Despite how the air had thickened around them, Francesca knew that if she lingered too long it would only make things worse. Her path was now set, and she had committed to seeing it through.
As they walked towards the security gate, Francesca felt Alessio pull them to a stop. He twirled her around on the spot, as if she were a ballerina performing a pirouette.
‘I don’t know how I am going to cope with missing you.’ That was the first thing her clouded, emotional mind could muster.
He pulled her close and pressed a slow and tender kiss to her forehead. ‘Things will get easier. With time. You just never know what lies around the corner.’
Francesca rose on her toes to catch him in one more kiss, but she felt their parting rushing inexorably towards her.
Why couldn’t this summer just last . . . forever?
Francesca felt her cheeks warm and the skin under her eyes sting. ‘You do it, please. I can’t . . .’ Her teary gaze scanned his. She had nothing more to give.
He nodded then whispered, ‘Ciao, Francesca.’
‘Ciao, Ale . . .’
Turning, he walked back towards the check-in desks, pulling his suitcase behind him.
Francesca waited until he was out of sight before she let the tears fall. She felt hollow. Delicate. As if the gentlest breeze might reduce her to dust.
Eventually a uniformed member of the cleaning staff pulled Francesca back to the present. ‘Miss, are you ok?’ The woman was watching her with concern.
In the movies the line to follow would always be, ‘Yes.’ But Francesca had no desire to play along. There was no romanticising the moment. The summer she’d wished could be rendered endless, and not just in her heart, had come to a close.
She turned and said, ‘Thank you, but no, I’m not,’ before continuing through the double doors marked Partenze.
* * *
An hour into the flight, Francesca found herself fighting three things: her hair, which sprang from her head defiantly, refusing to surrender to the headrest; sleep, in which she might have found some respite; and her emotions, which threatened to overwhelm her every time her mind flicked back to Alessio.
But eventually, the white noise of the cabin, coloured by the mechanical clanking of the plane’s engine, recycled air spurting from the overhead outlets and the intermittent grumbling of an infant further up the cabin, lulled her into a doze. She felt completely drained, as if her entire being had been sapped of its brightness and energy.
She couldn’t tell how long had passed when a gentle hand tapped her shoulder. ‘Miss, would you like some morning tea?’
Francesca blinked her eyes open to find a petite red-headed woman with a refined British accent smiling down at her. ‘Uhm . . .’ Francesca’s voice cracked. ‘No, thank you.’
But just as she was about to close her eyes again, the flight attendant pressed, ‘Are you sure? I make a tremendous cuppa. One I feel you might find hard to resist.’
This was odd. Her curiosity piqued, Francesca glanced at the woman again, who was now proffering a steaming-hot drink. ‘Really, I—’ But the gleam in the flight attendant’s beaming smile had suddenly changed. It was joyous, brighter than before.

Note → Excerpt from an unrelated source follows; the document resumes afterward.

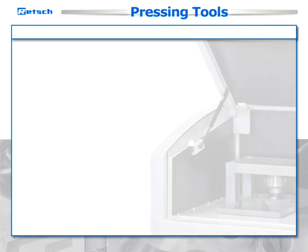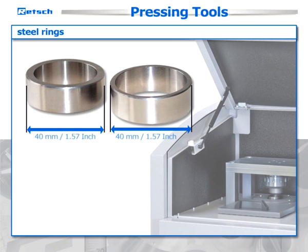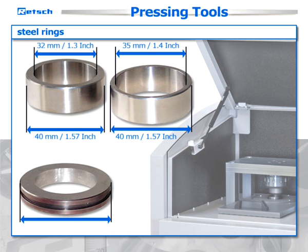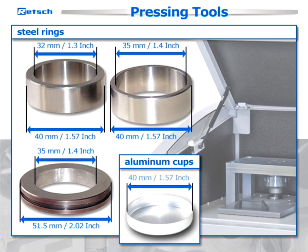Pressing tools are available in four different versions: steel rings with an outer diameter of 40 millimeters and inner diameters of 32 and 35 millimeters; a steel ring with an outer diameter of 51.5 millimeters and inner diameter of 35 millimeters for working with higher pressures. In addition, we offer aluminum cups with a diameter of 40 millimeters for pressing samples which do not form a stable pellet. The cup helps to stabilize the sample and enhances the versatile application possibilities of the PP40.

Francesca’s groggy eyes suddenly narrowed in on the cup she was holding.
What?!
She squinted then opened her eyes as wide as she could.
Her cup!
The tazza della pasta!
With shaking hands she accepted the cup and studied it. The same decorative trim. The chip on the handle. The chip on the lip’s edge. It was perhaps the most familiar object in her life. And the most precious.
A delicious calming relief washed through Francesca’s limbs, spreading out from her heart. It trickled through her legs, along her arms, down to the tips of her fingers which cradled that warm little cup.
Francesca pivoted to face the flight attendant. ‘Where is he?’
The woman’s smile now reached the corners of her eyes, and she winked before continuing nonchalantly down the cabin’s corridor with her tea trolley.